A nested test group that documents the same recovery model for updates. This is important because edit flows often need the same safeguards as create flows, but with existing entity state already loaded.

### [`ValidateHasErrors`](../src/test/java/org/springframework/samples/petclinic/owner/PetValidatorTests.java)

A nested test group that documents the validator contract directly. It confirms that the validator is responsible for rejecting missing or malformed pet data at the domain boundary.

### [`PetValidator`](../src/test/java/org/springframework/samples/petclinic/owner/PetValidatorTests.java)

The central validation component for pet form data. It is the main example of defensive input handling in this area of the application.

### [`PetController`](../src/test/java/org/springframework/samples/petclinic/owner/PetControllerTests.java)
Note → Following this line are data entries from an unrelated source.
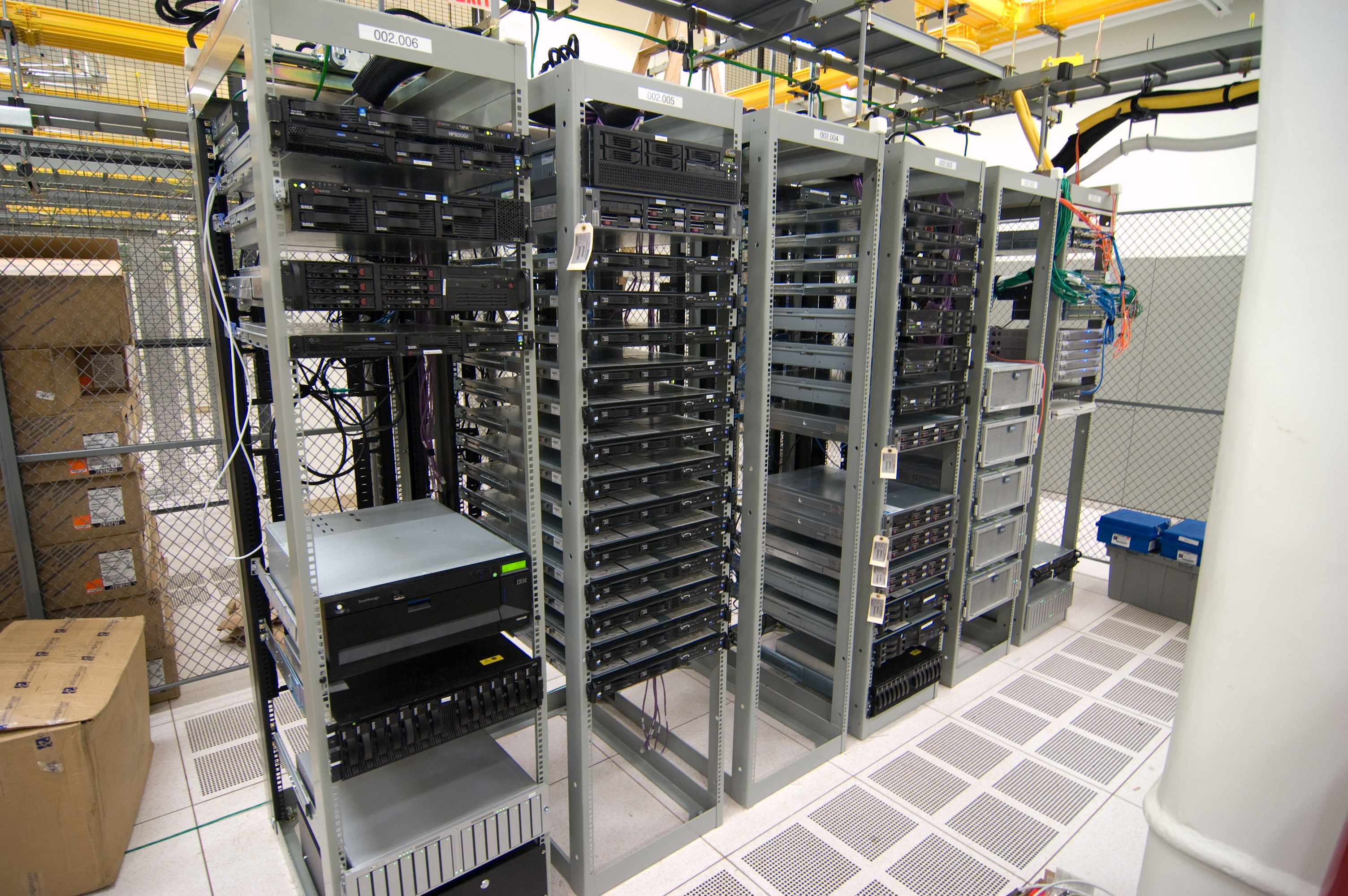 Racks De Suelo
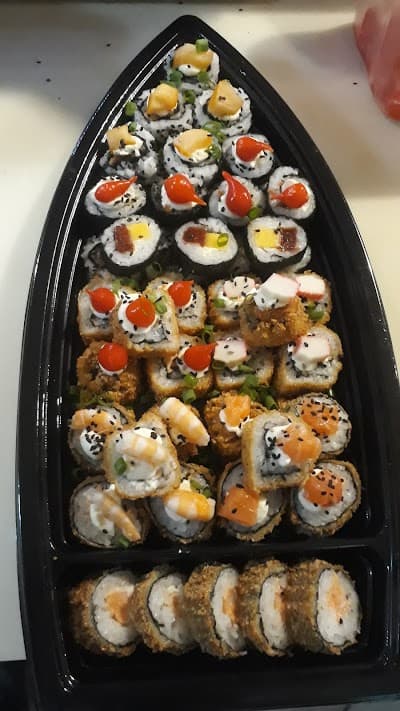 Orla Restaurante e Sushi - Foto 10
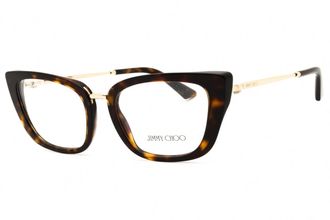 Jimmy Choo London JC3034HB 5002 Havana 54mm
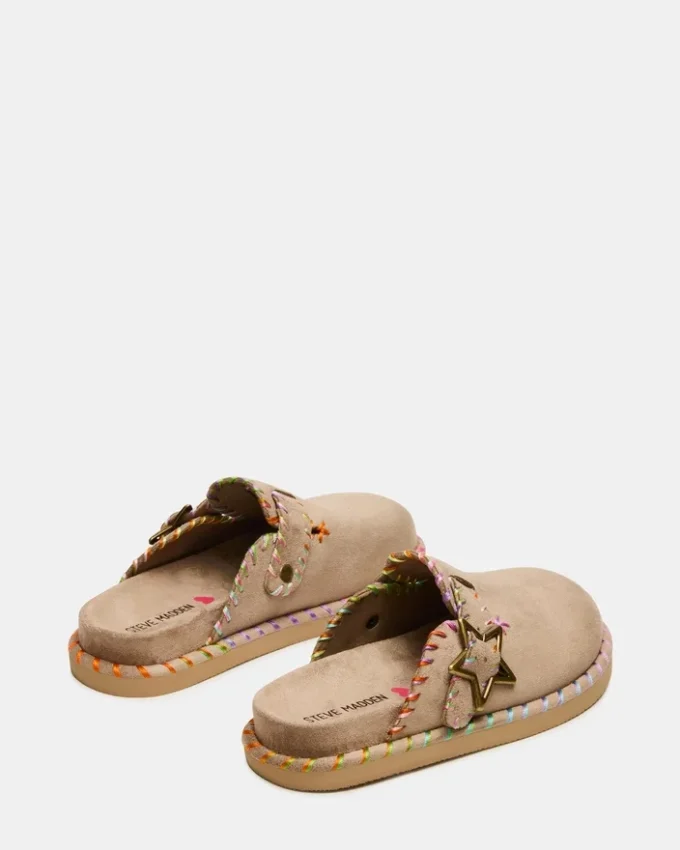 Shilo Taupe para niños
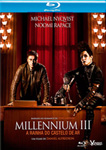 MILLENNIUM 3-A RAINHA DO CASTELO DE AR (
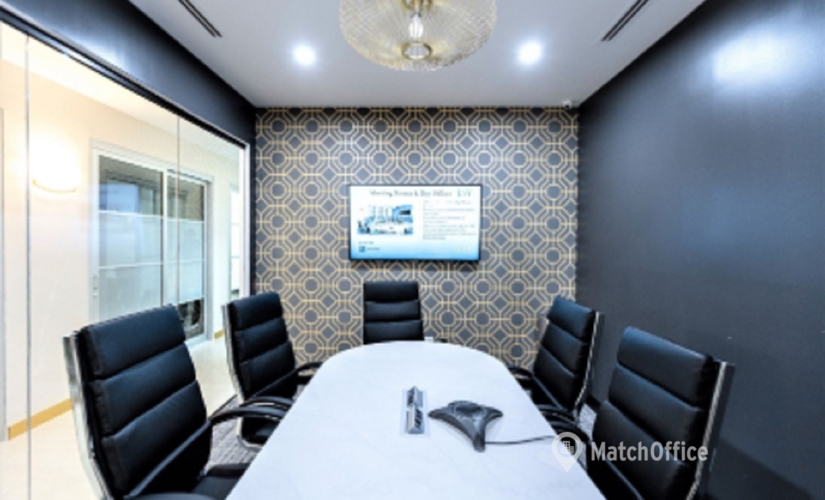 450 m² Serviced office up for rent in New York Midtown East, NY, 2 West 46th Street, 10176 - 4 | MatchOffice
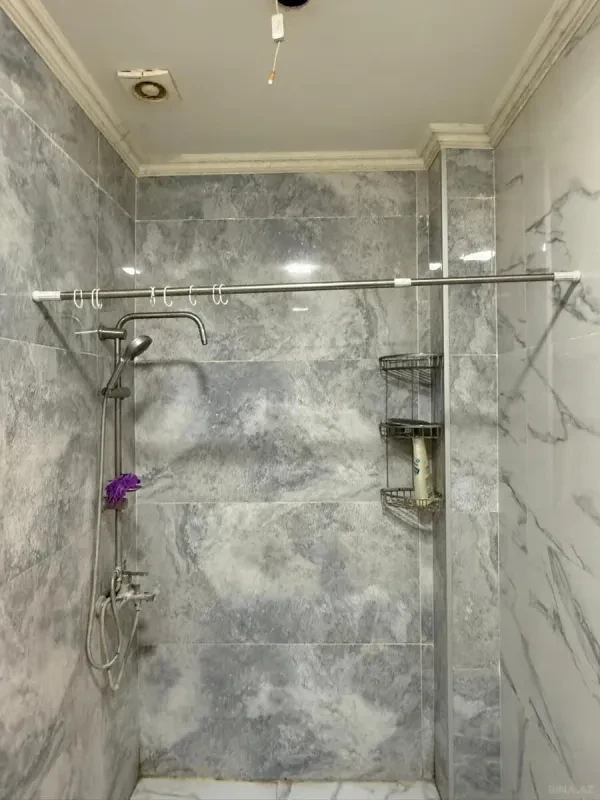 Kirayə verilir 2 otaqlı mənzil 50 m²
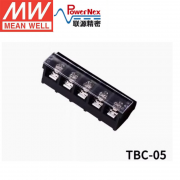联源精密明纬电源供应器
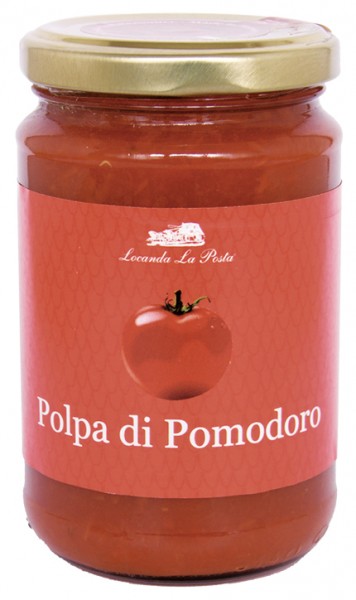 Polpa di Pomodoro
The web entry point that turns validation results into user-visible behavior. Its tests show the controller returning the same view for invalid submissions and redirecting only after successful processing.

## How It Fits Together

```mermaid
flowchart TD
A["User submits pet form"] --> B["PetController"]
B --> C["Spring binding"]
C --> D["PetValidator"]
C --> E["Binding errors"]
D --> F["Errors object"]
E --> F
F --> G["pets/createOrUpdatePetForm"]
F --> H["redirect:/owners/{ownerId}"]
G --> I["User fixes input"]
H --> J["Successful save and navigation"]
```

The flow is simple:

1. The controller receives form input.
2. Spring binds request values to the pet model.
3. Validation and type conversion produce errors when needed.
4. Errors are attached to the model and the form is re-rendered.
5. Only clean input progresses to redirect-after-success behavior.

## Notes for Developers

- Treat validation as the first line of defense. The tests show that invalid input should be caught before any successful transition occurs.
- Preserve the form view on failure. Returning `pets/createOrUpdatePetForm` keeps user context and makes correction easy.
- Distinguish binding failures from business-rule failures. A malformed date and a duplicate name are different kinds of problems, and the test suite expects different error codes for them.
- Keep controller recovery logic and validator rules aligned. If validation rules change, update both the validator tests and the controller tests so error handling remains consistent.
- Use nested test classes to document failure modes. The current structure makes resilience scenarios easy to scan and maintain.
- Prefer explicit field errors over generic failures. Field-level feedback is more actionable for users and easier to verify in tests.